Another episode is devoted to the curare plant and its poison, vividly described by Humboldt in Relations historique. The Strychnos guianensis, fatal only when it came into direct contact with blood, was boiled down by the indigenous peoples of South America to create an intoxicating decoction. "Every now and then an Indian urged us to sample the liquid", the natural scientist noted.
The exhibition paints a vivid picture of the American journey in general, not just in terms of Humboldt's botanical discoveries. 2700 kilometres covered in 75 days in a dugout canoe with four indigenous rowers and a helmsman.
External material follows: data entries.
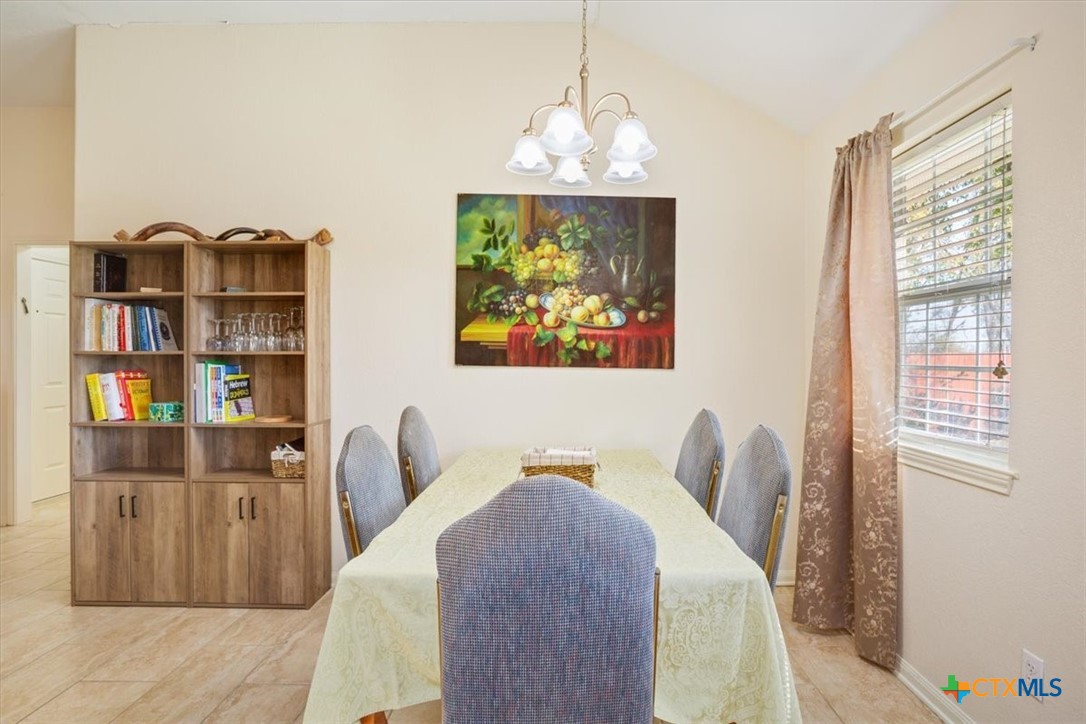 2817 North 12th Street Temple, TX 76501 - Photo 8 of 23 a dining room with furniture and window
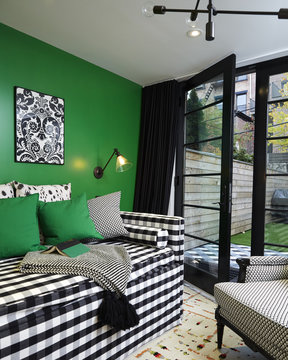 Green Guest Room with Day Bed Couch. Interior in modern black and white. 
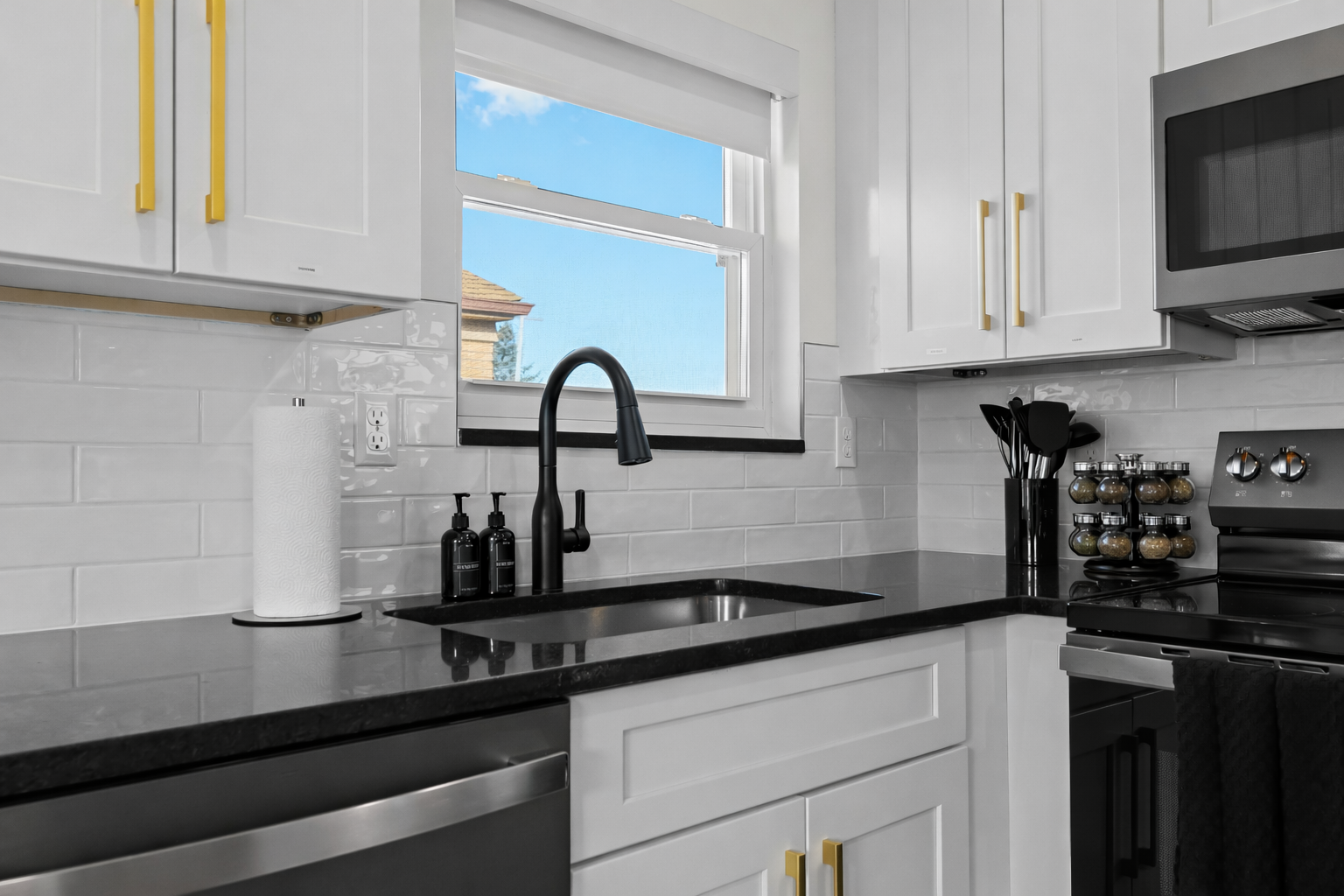 Sleek kitchen with modern fixtures, bright window, and thoughtful details—perfect for effortless cooking and a polished, comfortable stay.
A journal page with water stains is shown, and the podcast cites Humboldt's descriptions of a passage so turbulent the travellers feared for their lives ("We thought we were all lost, yet we retained our composure").
No less significantly, "How knowledge grows" also tells the story of Humboldt's extensive networks and connections, of contemporaries who inspired him, and vice versa. Among them was Goethe: "One could not learn in eight days from books what he tells one in an hour," the poet enthusiastically wrote of his friend, who was twenty years his junior. Their shared love of botany no doubt played a role. Goethe's poem "Gingo biloba" from West-Eastern Divan, with the bifurcated leaves of the ginkgo tree pasted on the original, is evidence of this.
And Goethe wrote a line about Humboldt that perfectly sums up his entire scientific career: "One may say he is the only one of his kind."